You know how sometimes a friend or work colleague can send an email that seems completely and utterly insensitive?
At the time all you want to do is hire a gang of angry mums to tell them off in the sternest way possible… or fire off a really angry reply telling them to stop being such a moron.
This is often the worst thing to do and leaves everyone feeling angry.
The fact is people very rarely set out to deliberately offend. The problem is these days we have so many different ways of communicating that it’s inevitable that some of us will be better at using some methods than others.
A good friend of mine is TERRIBLE on email.
He never starts with a “Hello”, or “Hi” or any kind of greeting. He usually just bluntly asks for something with no P’s or Q’s. It used to make me simmer with rage.
“HOW DARE YOU! You might be my best friend but I refuse to tolerate your request to borrow my cordless drill unless you address me in the proper way, with full stately decorum. And perhaps a curtsy.”

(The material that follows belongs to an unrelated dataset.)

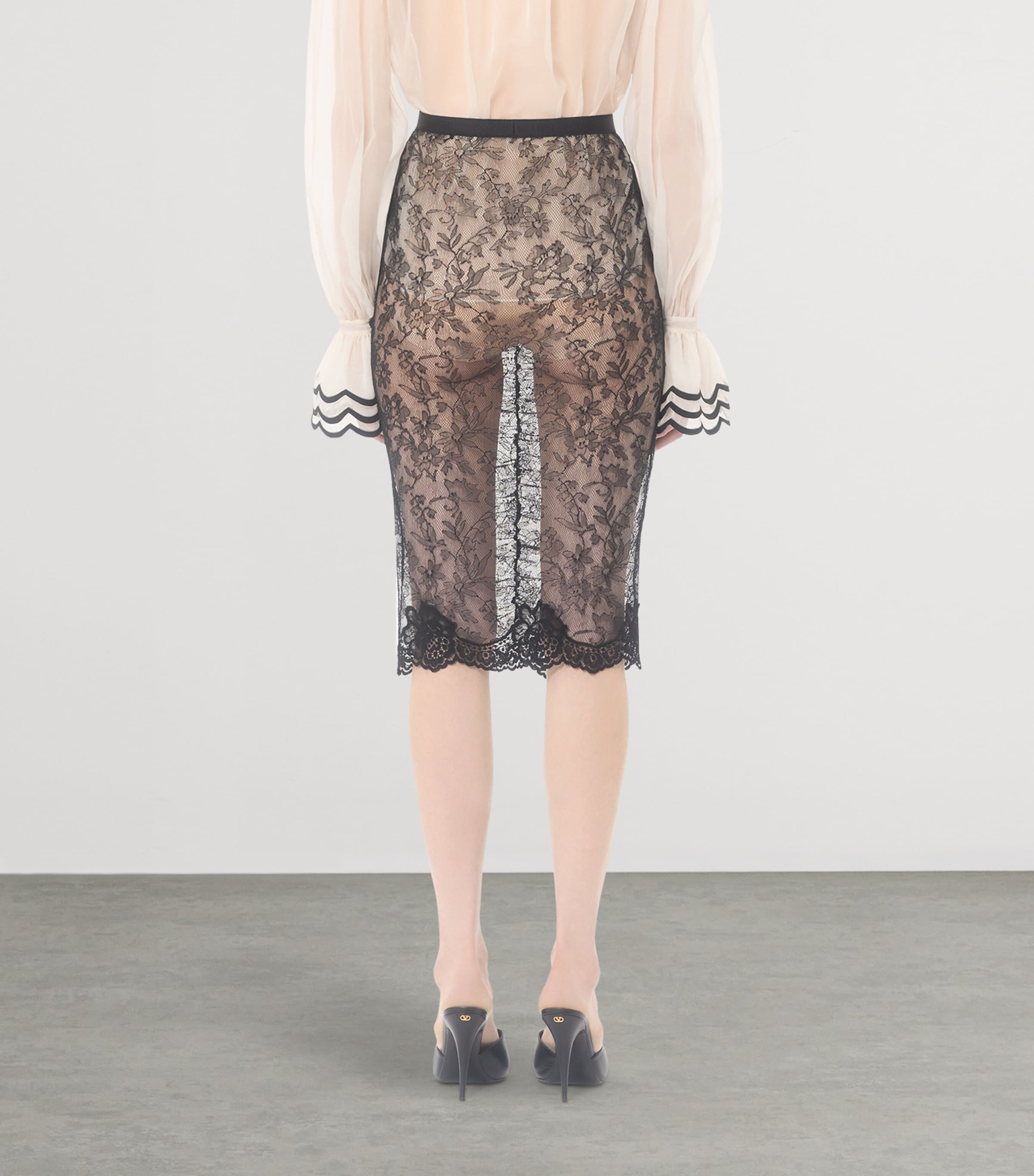 Valentino Womens Lace Ruched Skirt Image 4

I bet we’ve all had similar experiences. Emails from colleagues, friends, customers even, that come across as passive aggressive… abrupt… thoughtless. Yet when you speak to this person face to face they’re kind, friendly and perfectly reasonable.
Some mediums simply translate differently for different people. Though it’s easy to get annoyed with the person on the other end, there’s little merit getting worked up about it when more often than not they’re clueless about how they’re coming across.
In my case I’m RUBBISH on the phone. I get very confused when words are blasted at me and I can’t see the recipient’s face. In fact I get a sort of stage fright and probably come across like a bumbling serial killer.
So where’s the trick here? How do you take a step back from these situations?
Next time an email gets your back up write out a reply that’s gets out all your annoyance – BUT don’t address it to anyone.
Then leave it a few hours, a day even. Now send this email to yourself. It might sounds like a strange thing to do but it really puts a new sense of perspective on the situation.
You’d be amazed at how foreign and baffling those words of anger look when you read them back to yourself through your own inbox. It gives you a genuine glimpse of what the recipient might feel if they were to read it.
Then you’re left with 2 very positive options. 1) delete the email (because it was just negative tripe that you needed to get out of your system) or 2) rewrite the email from scratch now you’ve had time to mull over the situation. You’re likely to pen a much more measured response – and may find it has a more desirable effect.